The principles of homeopathy were formulated by the German physician Samuel Hahnemann (1755 - 1843). Hahnemann found the conventional medical therapies of his time to be ineffective and harmful, and discovered in homeopathy, a means to help patients without side effects. Homeopathy spread quickly throughout Europe and the rest of the world including the United States. It has a 200-year history of safety and effectiveness.

What is “classical” homeopathy?
Over the last 200 years many definitions of “classical” homeopathy have been used. At the core of nearly all of these definitions are the following key elements:
The Law of Similars: matching the symptoms of a medicine tested on healthy humans to the individual seeking treatment.

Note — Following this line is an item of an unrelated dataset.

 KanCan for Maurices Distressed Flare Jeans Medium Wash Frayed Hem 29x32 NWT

The Minimum Dose: determining the least amount of medicine needed to effect the needed change.
Totality of Symptoms: matching the complete symptoms profile of the patient to the symptom profile of the remedy.
Single Remedy: administration of one remedy at a time.

Who practices Homeopathy?
Homeopathy is practiced by a wide variety of health-care practitioners including medical doctors, osteopaths, naturopathic physicians, nurse practitioners, physician assistants, dentists, veterinarians, chiropractors, acupuncturists, nurse midwives, podiatrists, and professional homeopaths.

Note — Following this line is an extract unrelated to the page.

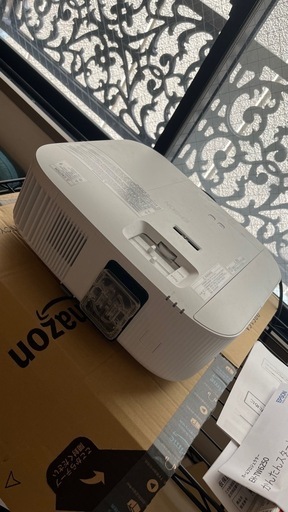 使用期間 4ヶ月程度　プロジェクター EH-TW6250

Individual states regulate the practice of homeopathy, and each state’s laws and requirements for practice are different. In most cases, homeopathy can be employed legally by any health professional whose license entitles them to prescribe medicines, such as MDs, DOs, NDs, etc. In addition, three states specifically license the practice of homeopathy for medical and osteopathic physicians: Arizona, Connecticut, and Nevada. Two of these states, Arizona and Nevada, also allow the practice of homeopathy by registered Homeopathic Medical Assistants, under the auspices of a licensed MD or DO.
Since 2000, Minnesota, Rhode Island, and California have adopted legislation that allows unlicensed complementary and alternative health practitioners (including unlicensed homeopaths ) the freedom to practice as long as they give full disclosure of their training and background. Efforts are underway in many other states to adopt similar legislation, and it is expected that more states will pass such laws in the near future.

What kind of homeopathic certification is available?
Practitioners may be certified by one of several certifying organizations based on their medical professional status and/ (or) their homeopathic education. Such certification attests that a practitioner has met certain criteria and developed a certain level of expertise in homeopathic practice.